Credit: Susie Ghahremani

When I tell people I judged films for this year’s DC Shorts Film Festival, their first reaction is, “Cool!” Their second reaction is more circumspect. I don’t own a television. Or any movies. Why was I qualified to judge?

I wasn’t. They let me anyway.

May 5

I came to critique movies. Instead, I’ve got my arms tucked under my shoulders like chicken wings, playing paper-rock-scissors with strangers.

This is “egg-chicken-monster,” one of numerous icebreakers that festival director Jon Gann has us judges play. We’re in a black-walled room that looks like an experimental theater space and doubles as Gann’s foyer; he lives above the room in a condo on G Street NW. We’ve gathered to allow Gann to imprint his vision of cinema on us, the way wolf mothers imprint their young. I don’t mean this pejoratively, because Gann certainly knows films. But he runs this festival autocratically. DC Shorts “interns” pretty much just collect paper and stack chairs. And while we judges—who merely had to send e-mails to qualify to judge—review films first, the festival lineup is an unfurling of Gann’s vision.

Gann wears a Vandyke beard, has a rotund belly, and styles his hair in a studiously gelled mess. He soon relates to us the tale of how he founded DC Shorts.

“I used to be a graphic designer, but I hated my clients,” he begins. So he enrolled at the New York Film Academy and made a GLBT film, Pezheads, that played all the big GLBT festivals. But other festivals sucked, he decided. He met few directors and had to pay for amenities. DC Shorts provides a different experience: Directors get free lodging and meals; even crappy, rejected entries get real feedback (from, um, real judges) on ways to improve their films. DC Shorts truly celebrates film and filmmakers.

Of course, there’s another side. Almost first thing, Gann informs us, “Film festivals are all about money.”

After lunch, we split into teams of three judges. Gann passes out scoring sheets on how to rate films on content, style, originality, and technical acumen. For practice, he’s going to show three example films from last year, then tell us what to think about each.

First is A Period Piece, a musical about a girl’s menarche. Aside from feeling squirmy, I’m gun-shy: I don’t want to look stupid and grade it low. Eventually, my group rates it 63 out of 100. Reassuringly, as Gann calls on other groups, we hear lots of 60s—except for the pair of middle-aged women behind me. Ninety-six.

Gann giggles, but it’s a teachable moment. “You’ll see lots of films like this,” he explains. “It’s one joke and goes on too long.” One judge suggests the lighting was “hot.” Gann nearly applauds. “Good! That’s something helpful to tell them. They need to know that.” I make a note to watch for heat.

The second film is about bicycle messengers. Despite what one judge called heavy-handed “Nat. Geo. narration”—a big insult, apparently; I heard oooohs from other judges—this five-minute short rules. There’s humor, scary traffic shots, a near-fight. My group rates it high. One brilliant moment starts on a skyscraper ledge and swoops down to the street like a peregrine falcon.

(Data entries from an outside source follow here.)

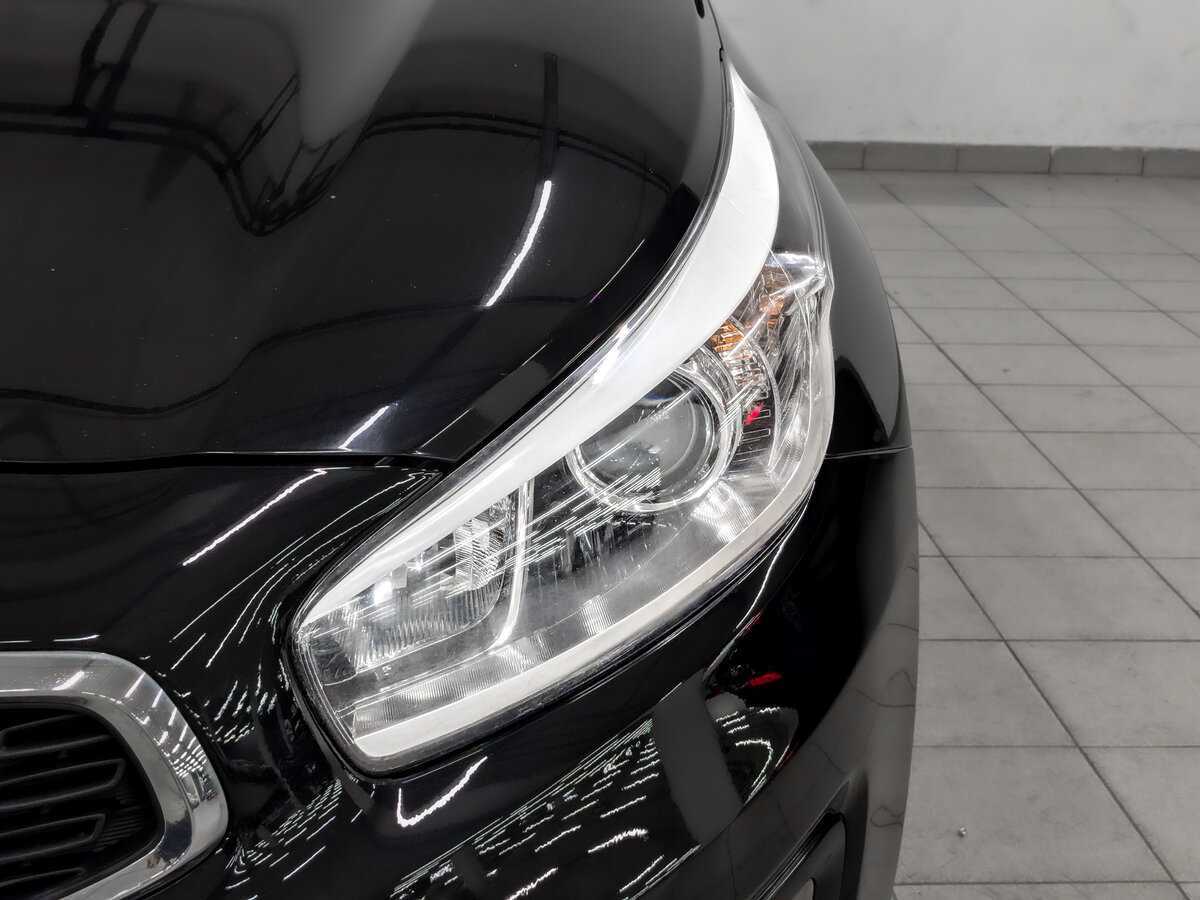 Купить Kia Ceed, 2015, 119 283 км, фото №17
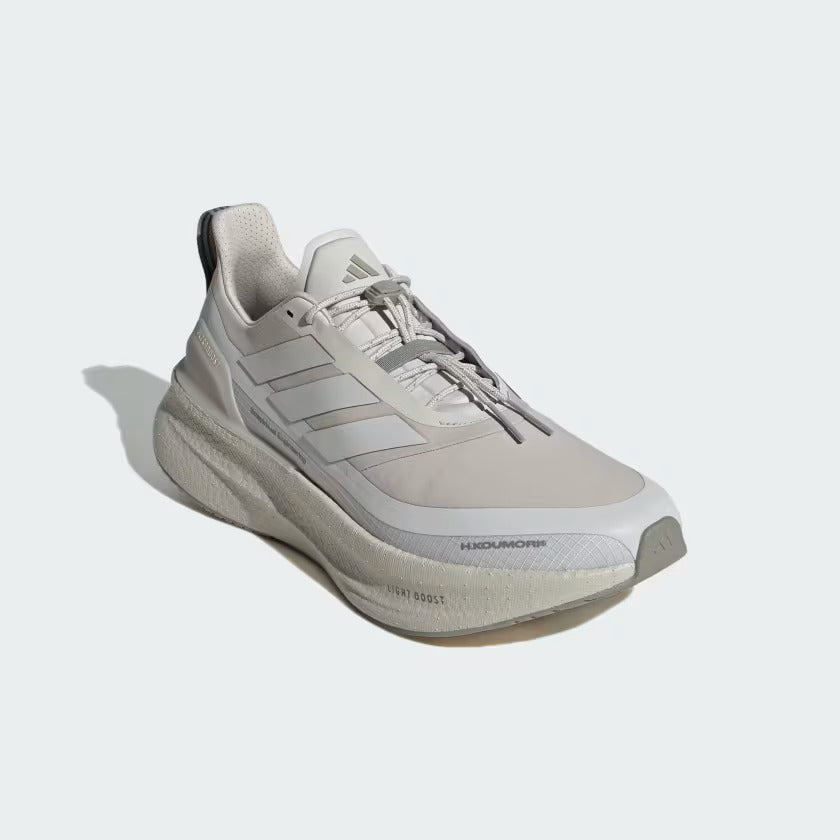 Adidas Women's Ultraboost 5 H.Koumori Running Shoes - Beige - Interval Running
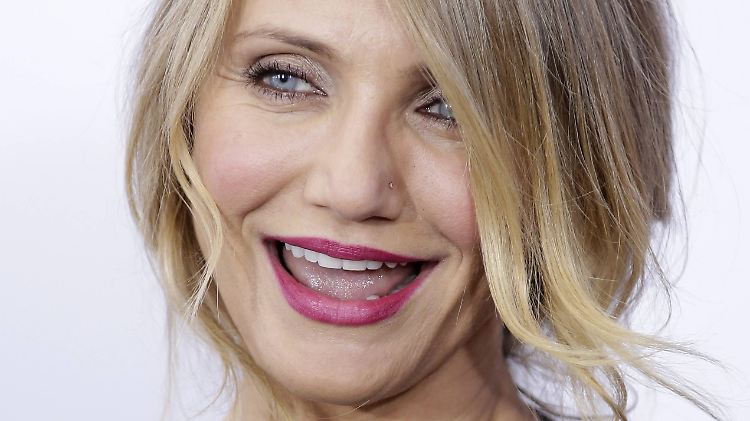Mit ihren Leinwand-Auftritten im letzten Jahr konnte Cameron Diaz nicht überzeugen und erhält dafür die goldene Himbeere.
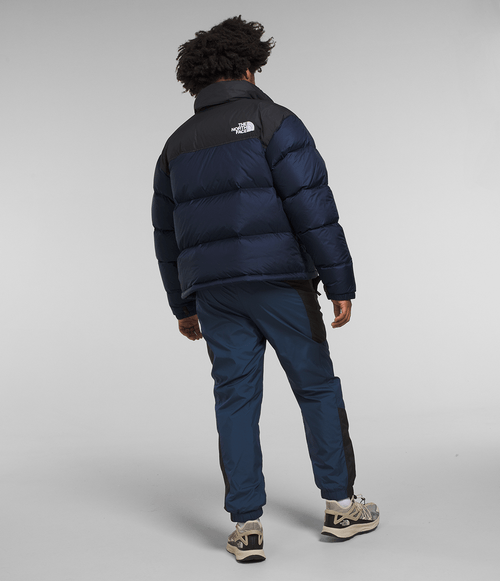 Jaqueta Masculina The North Face 1996 Retro Nuptse Summit Navy/TNF Black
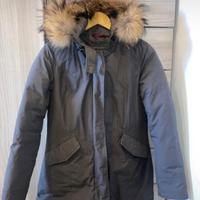 giacca tipo parka da donna 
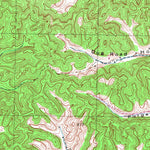 United States Geological Survey Waterview, KY (1953, 24000-Scale) digital map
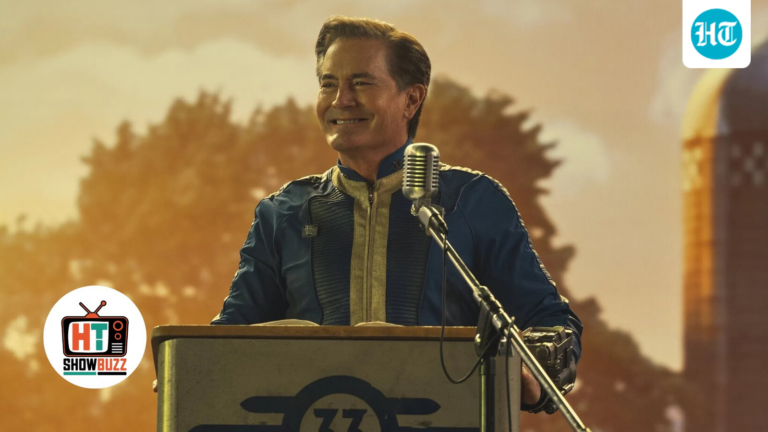 Kyle MacLachlan says working on Fallout was a lot like doing Dune 40 years ago: ‘There were similarities’ | Interview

Gann sums up our feelings: “The first time I saw that, I was like, ‘Frickin’ cool, man!’” He rewound it “15 times” and called the directors to discuss how the hell they shot that.

Then the other shoe falls. The bike-messenger film got cut from the festival last year. When someone asks why, Gann expounds on filling pre-defined slots for each shorts screening: animated films, women’s films (Luna is a sponsor, after all), and especially local films, which equal crowds, which equal money. Gann later calls it a “pu pu platter” lineup. The bike film didn’t fit a slot, he says. I don’t get it, but it’s another lesson.

I learned yet another lesson watching Davy & Stu. In this movie, two gay Scottish teenagers meet in a bog, wrestle homoerotically, blather on about some swamp monster called “Jenny Green Tooth”—and despite about a million chances, never frickin’ kiss and get it over with. Still, the film looks gorgeous. This buoys my team’s score to average. Other teams corroborate this. Except for the middle-aged women. Nineteen.

We giggle. Gann reddens. Lips terse, he threatens us: “No film deserves a 19. I will personally watch any movie that scores below a 30.”

With that, orientation ends. My group picks up 31 DVDs and—after making sure, per Gann’s instructions, that we know no directors in our stack, to avoid conflicts of interest—agrees to meet next Sunday at one judge’s home.

May 13

Shorts may take months to film, but Gann has instructed us to spend only two minutes scoring any entry. And if we don’t like how the scores for content, style, originality, and technical acumen add up, we should manipulate the total up or down, he says, to match our feelings.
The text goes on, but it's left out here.